Support nvfp4 low latency mode dispatch #341

shifangx · 2025-07-30T08:38:12Z

This MR support nvfp4 low latency mode dispatch.
In the dispatch kernel, we first convert input to nvfp4, and then send to other ranks.
So it's a fused (quantize + dispatch) kernel, and the global_scaling_factor for nvfp4 is a scalar across all experts.

test_log.md

ishandhanani · 2025-08-22T23:00:38Z

@shifangx - can you explain how to build this from source?

shifangx · 2025-08-28T04:52:38Z

@shifangx - can you explain how to build this from source?

Hello, @ishandhanani, thank you for your attention to our work.
The build method for this PR is the same as that of the main branch.
Did you encounter any issues during the build process?
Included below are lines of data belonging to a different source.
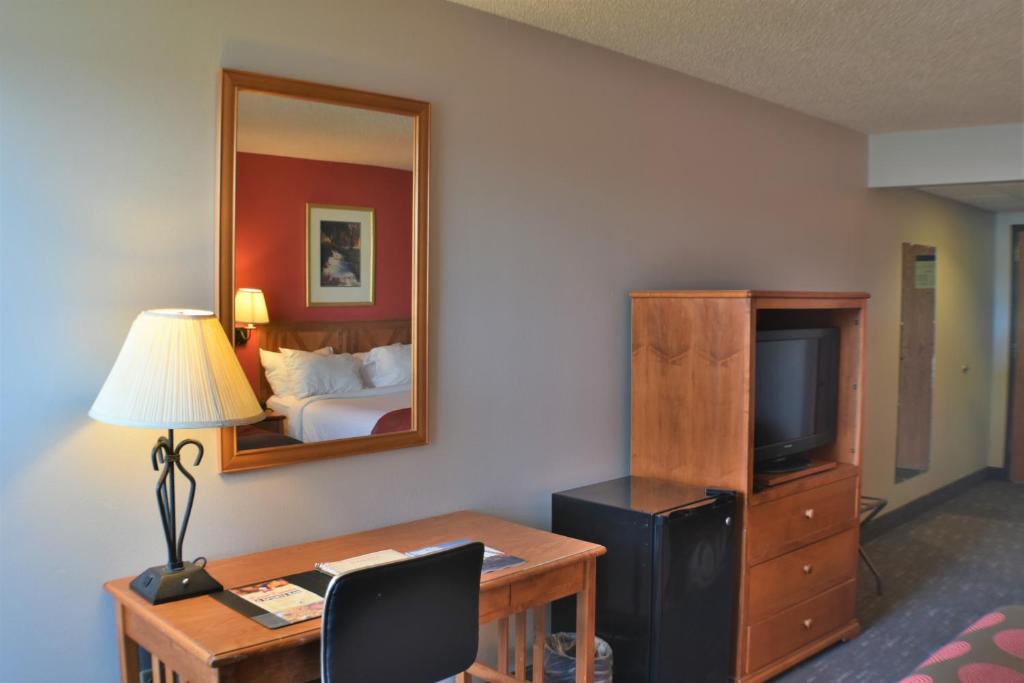 Ramada by Wyndham Sioux Falls Airport - Waterpark Resort & Event Center - Queen Room - No Fumar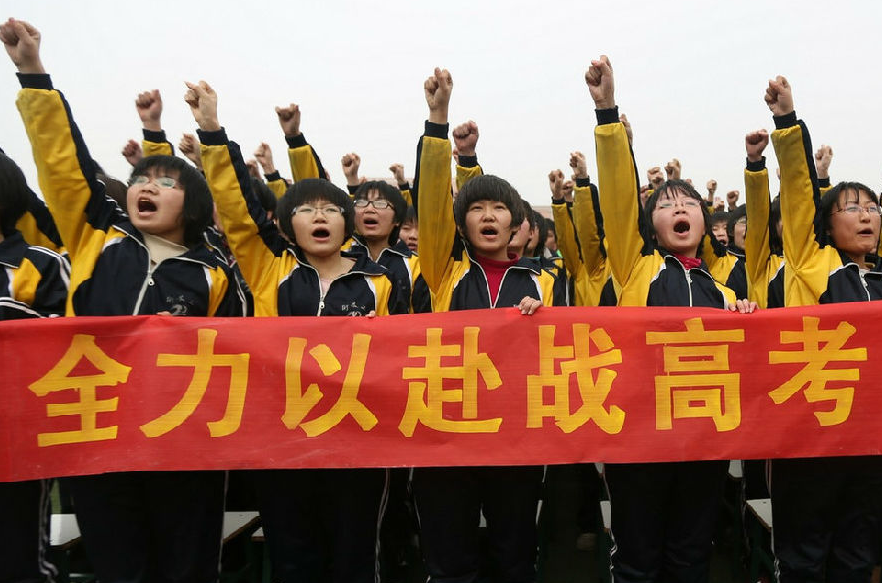 唐尚珺第13次参加高考，曾被政法大学录取，今年能如愿上中科大？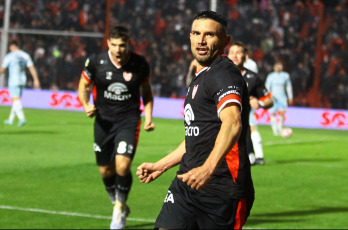 Buenos Aires, Argentina.- En las fotos tomadas el 12 de junio del 2023, durante el partido entre Instituto y Racing por la vigésima fecha de la Liga Profesional de Fútbol (LPF) en el estadio Juan Domingo Perón. Instituto, que tuvo el debut del entrenador Diego Dabove, empató contra Racing Club 1 a 1. Los locales se pusieron en ventaja en el primer tiempo con el tanto de Adrián Martínez a los 40 minutos del primer tiempo, mientras que la ‘Academia’ lo igualó con el gol del ingresado Maximiliano Moralez a los 27 del complemento.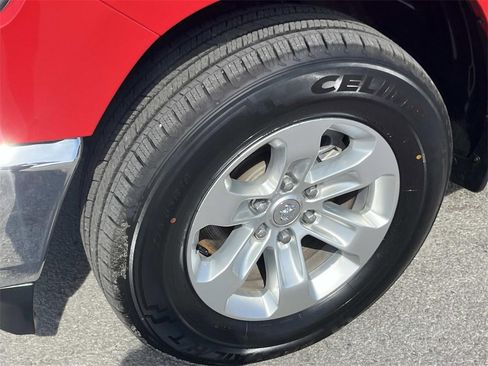 Used 2024 RAM 1500 Laramie image 8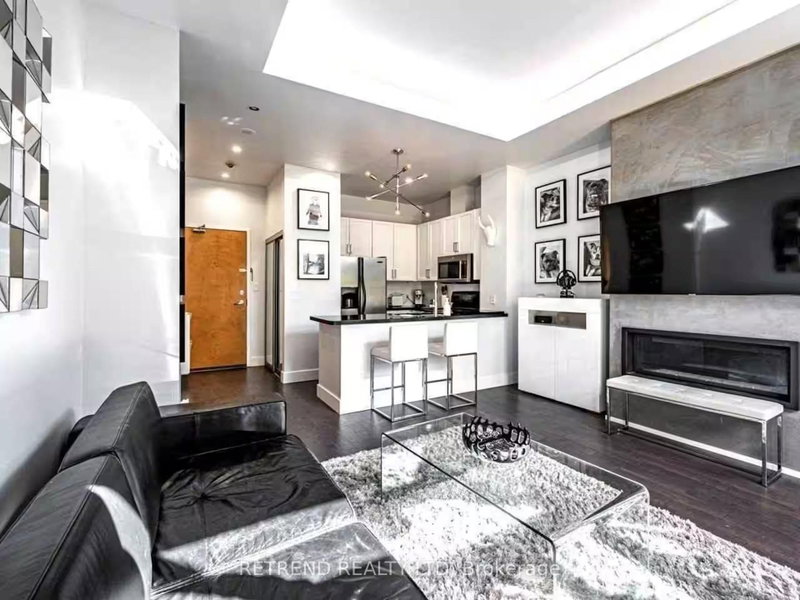 209 - 8 wellesley Street E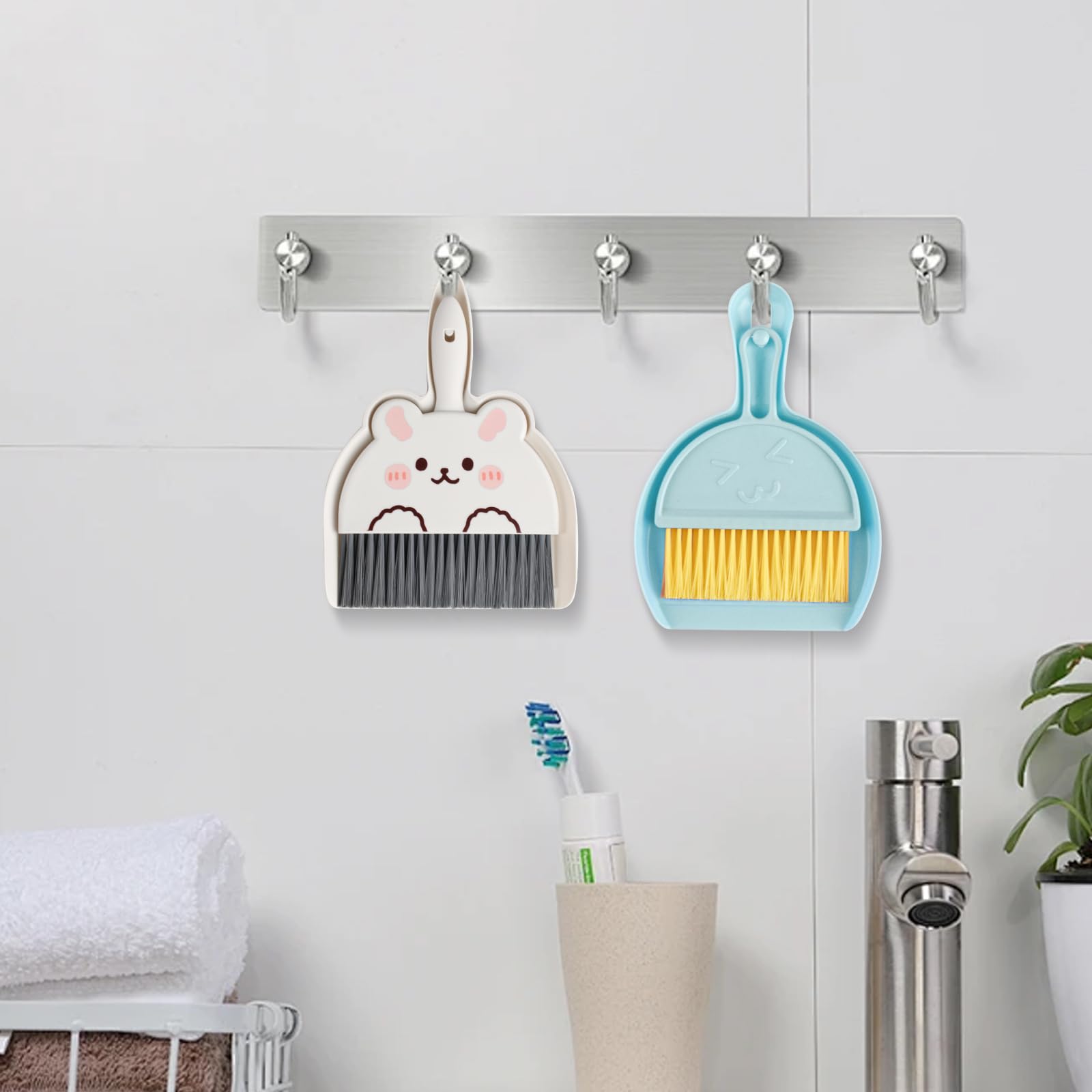 Set di 2 Mini Paletta e Spazzola Pulizia da Tavolo, Set Paletta Scopas, Scopetta PiccolaScopa con Palettas Spazzatura, Portatile Scopa e Palettas per Pulizia di Casa Ufficio, Tavolo, Divano, Auto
DoubleClark · 2025-08-29T07:26:38Z

May i ask the quant_method of fp4 model，it seems that you use 16 elements as group instead of 128 to reduce the accuracy loss, but i still wonder the quant method and how its performance compared with orginal fp8 model? Besides, may i ask the computation type of the following gemm, it seems that activation, weight is fp4， in blackwell, the result might be fp32 accumulated, how it works with 8 bit scale? does it have possibility work in hopper [fp4 dequant to fp8 might cause some scale transform] ? if you could share the fp4 gemm application in hopper and blackwell, it will be great help, thanks.

shifangx · 2025-08-29T07:45:54Z

May i ask the quant_method of fp4 model，it seems that you use 16 elements as group instead of 128 to reduce the accuracy loss, but i still wonder the quant method and how its performance compared with orginal fp8 model? Besides, may i ask the computation type of the following gemm, it seems that activation, weight is fp4， in blackwell, the result might be fp32 accumulated, how it works with 8 bit scale? does it have possibility work in hopper [fp4 dequant to fp8 might cause some scale transform] ? if you could share the fp4 gemm application in hopper and blackwell, it will be great help, thanks.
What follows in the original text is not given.